Trade Analysis: Mets Acquire J.D. Davis From Houston In Five Player Trade

The Brodie Van Wagenen era in Flushing continues to take shape as the Mets acquired slugging corner infielder J.D. Davis from the Houston Astros. Along with Davis the Astros sent minor league utility infielder Cody Bohanek in exchange for our number 11 Mets prospect Luis Santana, 2018 12th-round outfielder Ross Adolph, and former NC State catcher Scott Manea. The Mets add a player with some interesting Statcast data and good Triple-A numbers albeit in the PCL. The Astros add an emerging talent in Luis Santana, as well as two system depth types coming off encouraging campaigns. Let’s dig a little deeper and dissect the return for each.

Mets Receive J.D. Davis, 1B/3B and Cody Bohanek, 2B/SS/3B

There’s certainly a chance that J.D. Davis is a diamond in the rough, held down in Triple-A for too long due to organizational depth on the corners in Houston. Or he might be exactly what he’s been: a borderline major league talent with plus raw power, but below grade bat-to-ball skills. Davis won the PCL batting title this year with a .342 batting average and has been a plus power hitter throughout his time in the minors. The Statcast data backed up Davis’ power during his 2017 stint in the big leagues, as he ranked 16th in Barrel%/PA. Those numbers slid back in 2018, as did his power numbers in Fresno. Perhaps the Mets believe that 2017 wasn’t a flash in the pan and view Davis as both competition for Jeff McNeil at third and a fill-in at first in the early going—before being relegated to a bench bat upon Peter Alonso’s ascension to Queens. The Mets have certainly bolstered their bench with the additions of J.D. Davis and Keon Broxton in recent days.

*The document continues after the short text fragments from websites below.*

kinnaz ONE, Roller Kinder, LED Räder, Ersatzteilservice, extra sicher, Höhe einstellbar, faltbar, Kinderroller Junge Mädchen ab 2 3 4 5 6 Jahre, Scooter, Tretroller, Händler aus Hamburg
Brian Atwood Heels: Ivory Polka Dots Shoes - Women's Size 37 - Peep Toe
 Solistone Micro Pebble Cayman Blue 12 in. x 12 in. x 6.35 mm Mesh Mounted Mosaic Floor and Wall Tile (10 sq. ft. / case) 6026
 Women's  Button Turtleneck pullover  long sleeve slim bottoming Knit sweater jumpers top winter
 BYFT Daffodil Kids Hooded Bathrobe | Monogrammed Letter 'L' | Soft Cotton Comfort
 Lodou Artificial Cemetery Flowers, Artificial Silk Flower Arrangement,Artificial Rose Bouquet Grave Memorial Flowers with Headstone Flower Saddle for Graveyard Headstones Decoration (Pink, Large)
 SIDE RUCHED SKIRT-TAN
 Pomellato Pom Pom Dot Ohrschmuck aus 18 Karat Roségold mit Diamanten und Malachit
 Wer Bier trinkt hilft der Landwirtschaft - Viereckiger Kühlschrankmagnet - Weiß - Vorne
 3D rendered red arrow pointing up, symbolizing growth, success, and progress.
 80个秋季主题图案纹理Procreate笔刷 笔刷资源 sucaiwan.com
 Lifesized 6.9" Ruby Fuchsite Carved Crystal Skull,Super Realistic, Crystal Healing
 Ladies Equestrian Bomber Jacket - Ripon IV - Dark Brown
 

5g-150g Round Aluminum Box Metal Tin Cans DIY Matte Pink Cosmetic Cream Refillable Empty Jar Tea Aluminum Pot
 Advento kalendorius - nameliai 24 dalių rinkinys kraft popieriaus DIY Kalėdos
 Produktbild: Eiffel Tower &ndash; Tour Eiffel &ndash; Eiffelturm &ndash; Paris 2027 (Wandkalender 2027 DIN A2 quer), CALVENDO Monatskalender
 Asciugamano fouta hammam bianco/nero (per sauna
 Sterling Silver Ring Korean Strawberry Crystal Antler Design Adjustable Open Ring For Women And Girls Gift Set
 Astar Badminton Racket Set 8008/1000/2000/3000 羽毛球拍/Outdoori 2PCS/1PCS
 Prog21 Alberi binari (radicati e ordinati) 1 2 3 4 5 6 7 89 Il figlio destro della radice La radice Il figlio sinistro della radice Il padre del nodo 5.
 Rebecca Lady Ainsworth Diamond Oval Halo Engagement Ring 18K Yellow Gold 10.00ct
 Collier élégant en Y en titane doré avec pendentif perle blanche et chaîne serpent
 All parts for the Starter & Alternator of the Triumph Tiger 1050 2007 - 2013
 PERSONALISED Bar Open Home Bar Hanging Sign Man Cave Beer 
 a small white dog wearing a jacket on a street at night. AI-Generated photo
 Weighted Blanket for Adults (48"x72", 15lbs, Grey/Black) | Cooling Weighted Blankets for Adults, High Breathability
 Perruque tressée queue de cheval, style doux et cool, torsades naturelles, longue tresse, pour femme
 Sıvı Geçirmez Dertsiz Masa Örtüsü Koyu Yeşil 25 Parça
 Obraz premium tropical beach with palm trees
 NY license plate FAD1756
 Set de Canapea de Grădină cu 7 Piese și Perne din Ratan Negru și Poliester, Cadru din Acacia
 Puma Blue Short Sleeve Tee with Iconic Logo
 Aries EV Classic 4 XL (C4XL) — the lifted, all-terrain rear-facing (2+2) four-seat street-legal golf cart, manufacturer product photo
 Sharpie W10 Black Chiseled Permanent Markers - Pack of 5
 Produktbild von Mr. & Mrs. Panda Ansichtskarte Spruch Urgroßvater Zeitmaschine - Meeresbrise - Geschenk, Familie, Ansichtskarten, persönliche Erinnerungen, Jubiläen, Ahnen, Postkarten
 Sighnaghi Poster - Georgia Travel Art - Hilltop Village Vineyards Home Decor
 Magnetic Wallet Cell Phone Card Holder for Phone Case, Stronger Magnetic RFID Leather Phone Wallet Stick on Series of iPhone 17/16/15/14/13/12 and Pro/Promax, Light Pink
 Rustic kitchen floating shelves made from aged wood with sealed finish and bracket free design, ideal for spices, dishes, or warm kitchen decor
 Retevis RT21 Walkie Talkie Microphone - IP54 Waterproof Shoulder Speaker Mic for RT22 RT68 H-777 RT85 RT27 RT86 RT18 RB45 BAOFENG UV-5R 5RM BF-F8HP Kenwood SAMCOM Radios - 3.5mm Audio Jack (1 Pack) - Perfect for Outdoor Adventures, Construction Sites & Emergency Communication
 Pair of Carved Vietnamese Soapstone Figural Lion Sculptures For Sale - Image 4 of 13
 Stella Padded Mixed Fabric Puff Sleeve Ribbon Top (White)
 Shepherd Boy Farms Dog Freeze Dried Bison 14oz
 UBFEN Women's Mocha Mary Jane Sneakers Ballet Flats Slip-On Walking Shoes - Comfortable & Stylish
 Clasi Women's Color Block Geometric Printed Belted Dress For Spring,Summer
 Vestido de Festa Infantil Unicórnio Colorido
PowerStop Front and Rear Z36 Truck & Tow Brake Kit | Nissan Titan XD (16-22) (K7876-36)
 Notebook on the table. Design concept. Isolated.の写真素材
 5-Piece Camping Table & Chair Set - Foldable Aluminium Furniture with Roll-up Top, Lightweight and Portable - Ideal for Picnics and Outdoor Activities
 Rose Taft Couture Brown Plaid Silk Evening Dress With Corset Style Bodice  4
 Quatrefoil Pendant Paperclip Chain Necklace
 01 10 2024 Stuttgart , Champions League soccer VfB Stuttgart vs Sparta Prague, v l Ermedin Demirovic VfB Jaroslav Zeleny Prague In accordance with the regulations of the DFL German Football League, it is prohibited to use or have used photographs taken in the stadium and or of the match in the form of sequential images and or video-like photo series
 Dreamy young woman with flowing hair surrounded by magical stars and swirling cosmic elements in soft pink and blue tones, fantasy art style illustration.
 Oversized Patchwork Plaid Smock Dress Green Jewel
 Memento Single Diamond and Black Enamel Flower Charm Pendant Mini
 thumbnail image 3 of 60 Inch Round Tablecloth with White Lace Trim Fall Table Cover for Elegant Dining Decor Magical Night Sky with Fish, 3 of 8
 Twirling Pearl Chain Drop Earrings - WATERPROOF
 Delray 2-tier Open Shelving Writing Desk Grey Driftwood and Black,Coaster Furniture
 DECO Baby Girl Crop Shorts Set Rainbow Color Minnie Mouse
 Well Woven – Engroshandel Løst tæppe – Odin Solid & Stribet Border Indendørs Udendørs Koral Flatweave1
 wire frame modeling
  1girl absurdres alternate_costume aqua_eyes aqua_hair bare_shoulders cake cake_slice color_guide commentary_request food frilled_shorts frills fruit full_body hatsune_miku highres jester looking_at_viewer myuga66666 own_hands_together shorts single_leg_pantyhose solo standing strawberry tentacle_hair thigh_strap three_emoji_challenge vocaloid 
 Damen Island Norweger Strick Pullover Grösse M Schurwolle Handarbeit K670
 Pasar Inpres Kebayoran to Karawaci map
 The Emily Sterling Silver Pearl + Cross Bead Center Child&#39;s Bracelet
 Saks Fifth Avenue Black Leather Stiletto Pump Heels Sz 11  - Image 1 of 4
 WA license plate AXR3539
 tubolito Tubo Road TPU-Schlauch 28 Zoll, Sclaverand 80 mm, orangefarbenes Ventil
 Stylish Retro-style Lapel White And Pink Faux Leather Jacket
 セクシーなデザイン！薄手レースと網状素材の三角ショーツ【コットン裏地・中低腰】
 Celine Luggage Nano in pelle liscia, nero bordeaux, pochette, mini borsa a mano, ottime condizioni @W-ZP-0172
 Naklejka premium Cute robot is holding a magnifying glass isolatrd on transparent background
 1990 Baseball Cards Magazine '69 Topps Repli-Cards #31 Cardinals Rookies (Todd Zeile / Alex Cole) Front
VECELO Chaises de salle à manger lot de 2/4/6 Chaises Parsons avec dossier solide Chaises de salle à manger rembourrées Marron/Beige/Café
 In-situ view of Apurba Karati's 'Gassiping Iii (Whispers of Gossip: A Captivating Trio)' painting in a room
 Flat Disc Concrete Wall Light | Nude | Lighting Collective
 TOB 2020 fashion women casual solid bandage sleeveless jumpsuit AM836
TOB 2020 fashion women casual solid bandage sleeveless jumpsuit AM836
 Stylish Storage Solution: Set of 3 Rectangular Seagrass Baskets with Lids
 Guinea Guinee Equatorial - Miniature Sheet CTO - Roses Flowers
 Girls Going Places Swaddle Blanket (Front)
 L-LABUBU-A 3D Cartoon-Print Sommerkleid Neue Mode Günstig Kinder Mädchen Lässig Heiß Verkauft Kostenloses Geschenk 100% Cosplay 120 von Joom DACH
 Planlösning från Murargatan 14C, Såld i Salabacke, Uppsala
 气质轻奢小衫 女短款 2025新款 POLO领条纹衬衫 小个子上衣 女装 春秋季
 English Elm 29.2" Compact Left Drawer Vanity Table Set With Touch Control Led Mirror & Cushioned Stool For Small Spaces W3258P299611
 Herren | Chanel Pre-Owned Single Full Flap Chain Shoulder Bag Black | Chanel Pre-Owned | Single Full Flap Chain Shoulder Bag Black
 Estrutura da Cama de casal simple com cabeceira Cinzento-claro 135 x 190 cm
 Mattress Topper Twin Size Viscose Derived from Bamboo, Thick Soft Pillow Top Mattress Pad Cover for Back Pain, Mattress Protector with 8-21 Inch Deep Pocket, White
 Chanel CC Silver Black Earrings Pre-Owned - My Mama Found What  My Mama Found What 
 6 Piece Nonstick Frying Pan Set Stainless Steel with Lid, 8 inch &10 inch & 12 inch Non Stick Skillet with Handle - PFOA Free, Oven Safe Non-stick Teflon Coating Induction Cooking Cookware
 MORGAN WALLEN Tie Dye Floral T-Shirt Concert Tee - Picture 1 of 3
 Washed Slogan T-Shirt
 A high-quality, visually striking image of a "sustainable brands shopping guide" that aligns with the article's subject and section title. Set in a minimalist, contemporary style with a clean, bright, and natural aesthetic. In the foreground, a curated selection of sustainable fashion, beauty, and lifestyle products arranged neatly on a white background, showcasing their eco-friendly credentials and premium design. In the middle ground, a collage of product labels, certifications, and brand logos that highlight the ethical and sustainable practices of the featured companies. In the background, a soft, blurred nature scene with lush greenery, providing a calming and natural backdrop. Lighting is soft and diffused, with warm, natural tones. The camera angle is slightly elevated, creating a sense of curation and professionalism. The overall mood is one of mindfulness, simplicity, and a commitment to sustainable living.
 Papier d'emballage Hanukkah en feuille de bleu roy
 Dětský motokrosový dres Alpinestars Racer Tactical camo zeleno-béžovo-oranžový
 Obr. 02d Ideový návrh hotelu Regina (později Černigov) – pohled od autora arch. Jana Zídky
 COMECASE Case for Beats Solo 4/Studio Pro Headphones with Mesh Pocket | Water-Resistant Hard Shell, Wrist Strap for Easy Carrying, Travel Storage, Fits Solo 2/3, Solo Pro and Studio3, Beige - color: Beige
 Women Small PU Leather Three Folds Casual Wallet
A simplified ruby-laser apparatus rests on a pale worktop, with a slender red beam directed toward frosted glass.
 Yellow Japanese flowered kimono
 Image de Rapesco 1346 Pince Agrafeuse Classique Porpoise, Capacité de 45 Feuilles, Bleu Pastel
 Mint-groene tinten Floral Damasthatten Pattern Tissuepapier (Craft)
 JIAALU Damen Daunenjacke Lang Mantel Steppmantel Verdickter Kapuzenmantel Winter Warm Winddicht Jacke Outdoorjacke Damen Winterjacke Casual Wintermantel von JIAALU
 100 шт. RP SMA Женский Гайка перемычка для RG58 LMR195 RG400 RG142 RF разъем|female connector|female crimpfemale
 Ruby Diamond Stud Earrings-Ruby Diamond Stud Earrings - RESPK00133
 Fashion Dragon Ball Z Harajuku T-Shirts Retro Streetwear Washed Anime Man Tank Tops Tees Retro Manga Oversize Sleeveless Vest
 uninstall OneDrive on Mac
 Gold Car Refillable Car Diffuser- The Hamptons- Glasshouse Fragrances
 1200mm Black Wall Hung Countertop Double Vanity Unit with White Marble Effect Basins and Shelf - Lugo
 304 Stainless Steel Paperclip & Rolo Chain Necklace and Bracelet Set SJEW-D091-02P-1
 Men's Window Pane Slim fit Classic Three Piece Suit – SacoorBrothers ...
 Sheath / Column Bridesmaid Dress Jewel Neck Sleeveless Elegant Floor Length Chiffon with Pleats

As for Bohanek he’s a no hit, utility infielder type that touched Triple-A, but he’s not someone I view as much more than system depth for the Mets.

Astros acquire Luis Santana, 2B, Ross Adolph, OF, and Scott Manea, C

The diminutive second baseman Luis Santana is the name that stands out here, and to many of our readers, the player in this deal of greatest interest. As part of a historically stacked Kingsport team, Santana set the Appy League ablaze, hitting .348/.446/.471 with 4 homers, 8 steals, and 27 walks to just 23 strikeouts over 242 plate appearances. This has been a breakout in the making as well for Santana. As you can see below, following a pedestrian beginning to his 2017 Dominican Summer League campaign, Santana’s number explode post July 6 staying above 137 wRC+ for the remainder of 2017 and the entirety of 2018.

Luis Santana wRC+.png

Santana uses the whole field and is adept at making consistent, line-drive contact with line drive rates in 22% range the past two seasons. He’s certainly capable of putting the bat on the ball, and his average fly-ball numbers don’t look too bad for someone who’s listed at 5-foot-8, but reportedly shorter. His short swing path, feel for the barrel, and polished approach make him a sure-thing for a full season assignment out of camp.

At the plate Santana starts with open stance similar to Ian Kinsler, but unlike Kinsler he involves a leg kick to engage his lower half. The swing is short to the ball, and his hands are noticeably quick. He’s a little noisy pre-load with a lot of “Sheffield-esqe” pre-pitch bat movement. So far it works, there’s maybe a little to clean up in his hands, but nothing I’m overly concerned about.

Ross Adolph was drafted in the 12th round out of the University of Toledo following a junior season in which he set the schools single season home run record. He’s a solid defensive centerfielder, with some power and the ability to run. At the plate he sets up at the back of the batter’s box, slightly closed, hands in with his bat on his shoulder. This allows Adolph to turn on fastballs in on his hand and drive them to his pull side. More than likely system depth in the end, but Adolph has enough skills to fight for the big leagues one day.

Scott Manea, the final prospect headed the Astros way is a neighbor of mine (seriously), and a player that caught a handful of times during his senior season at local powerhouse St. John’s Shrewsbury. He was drafted in the 40th round by Seattle but elected to attend NC State. He entered pro ball a few years later, but was signed as a free agent. The 2018 season was a breakout for Manea as he made strides both at the plate and behind it. He hit career highs in nearly every statistical category, trading in some walks for a massive increase in pull-side power. Another profile on the upswing, but more than likely a system depth player.